* **Exercise requirements**:
Where an entry holds an image, skip the image but reproduce the rest word for word.

Image-text web data:
.....

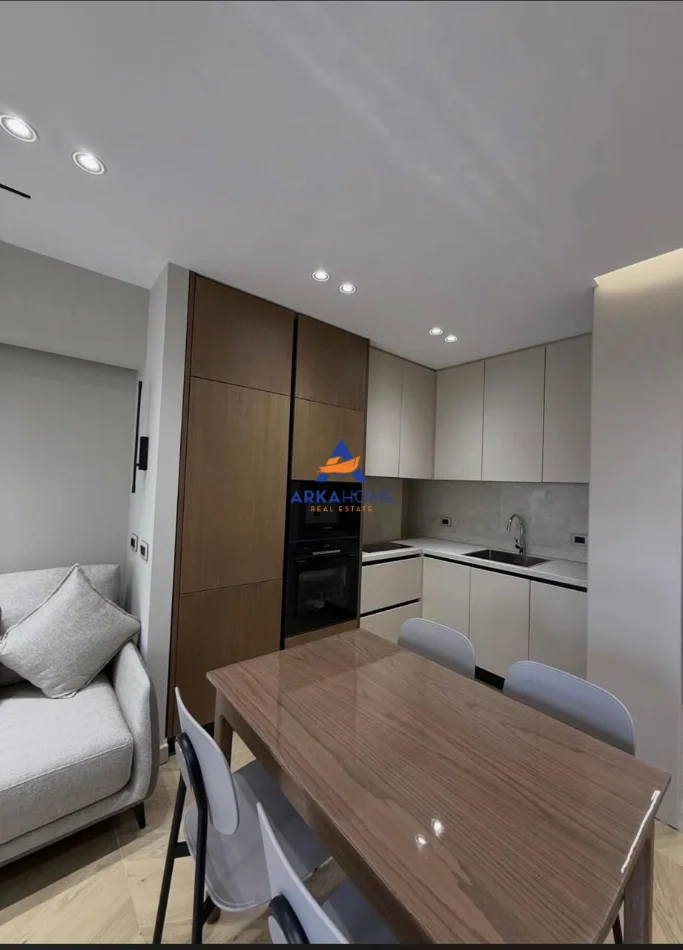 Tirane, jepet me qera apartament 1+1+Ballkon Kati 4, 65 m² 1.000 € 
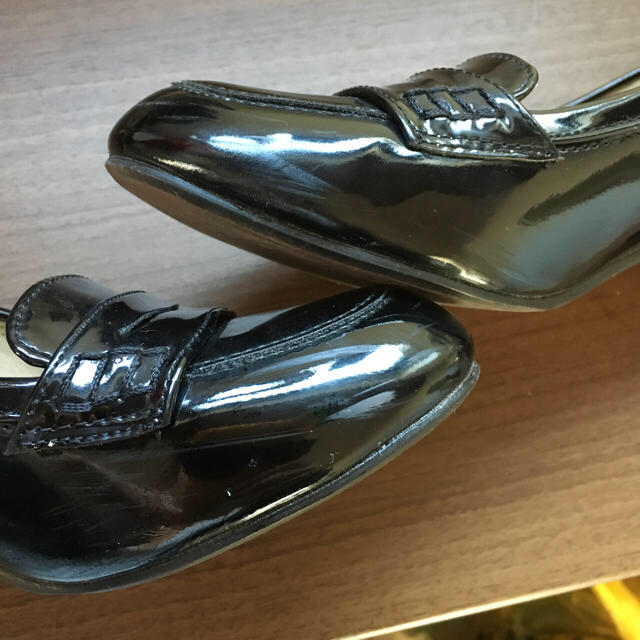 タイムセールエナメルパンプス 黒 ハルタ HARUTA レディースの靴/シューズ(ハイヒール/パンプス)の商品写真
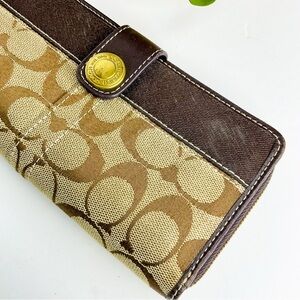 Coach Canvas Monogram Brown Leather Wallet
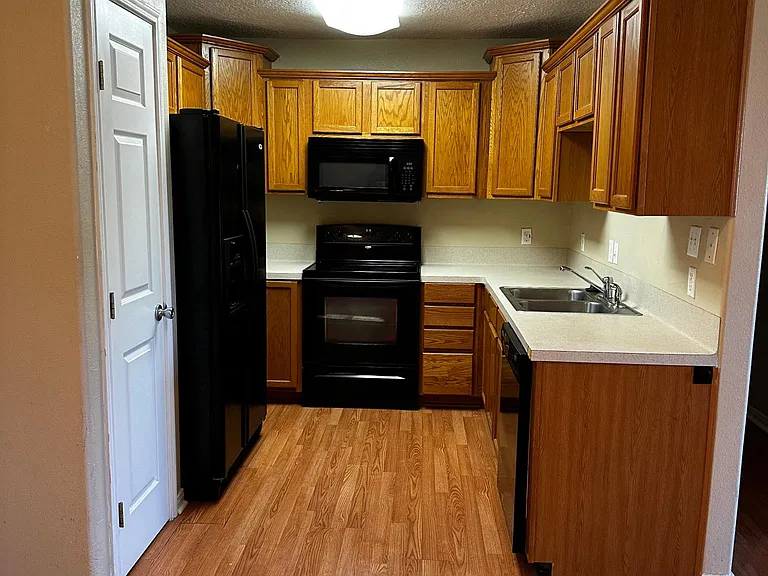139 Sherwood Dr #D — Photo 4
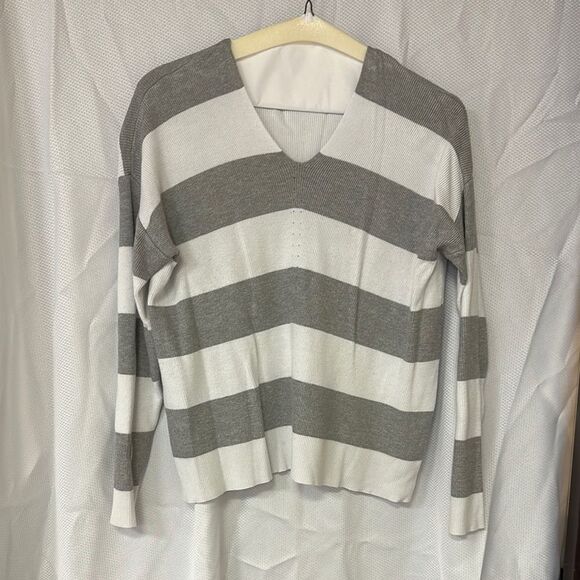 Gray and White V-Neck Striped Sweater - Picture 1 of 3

.....

* **Answer space**:
 Tirane, jepet me qera apartament 1+1+Ballkon Kati 4, 65 m² 1.000 € 
 タイムセールエナメルパンプス 黒 ハルタ HARUTA レディースの靴/シューズ(ハイヒール/パンプス)の商品写真
 Coach Canvas Monogram Brown Leather Wallet
139 Sherwood Dr #D — Photo 4
 Gray and White V-Neck Striped Sweater - Picture 1 of 3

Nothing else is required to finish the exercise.